Door die lacune namen enkele burgers zelf het heft in handen, met de Facebookgroep Bruxelles Sauvetage des pigeons. Ook naar hen verwijst het LRBPO door als mensen in Anderlecht toch komen aankloppen met een gewonde stadsduif. In de groep, die op het moment van schrijven 520 leden telt, bundelen Brusselaars de krachten om duiven te verzorgen en wisselen ze informatie uit over de juiste behandelingsmethodes. Via onder meer het Teaming-platform zamelt de groep giften in om dierenartskosten of voeding te betalen.

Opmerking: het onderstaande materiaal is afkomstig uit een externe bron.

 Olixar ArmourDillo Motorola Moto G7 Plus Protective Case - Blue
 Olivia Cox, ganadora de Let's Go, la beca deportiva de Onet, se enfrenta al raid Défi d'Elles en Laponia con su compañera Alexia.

Misschien kan het LRBPO in de toekomst die zorg weer op zich nemen, als het nieuwe opvangcentrum voor wilde dieren op de universitaire campus aan de Pleinlaan in Elsene – voorzien voor 2029 – is gebouwd. Eerder vertelde directeur Jean-François Buslain aan BRUZZ dat de huidige faciliteiten in Anderlecht mogelijk, na een renovatie, gewijd zouden kunnen worden “aan exotische dieren en tamme vogels zoals stadsduiven,” maar intussen moeten die laatste in nood dus rekenen op de inzet van geëngageerde burgers.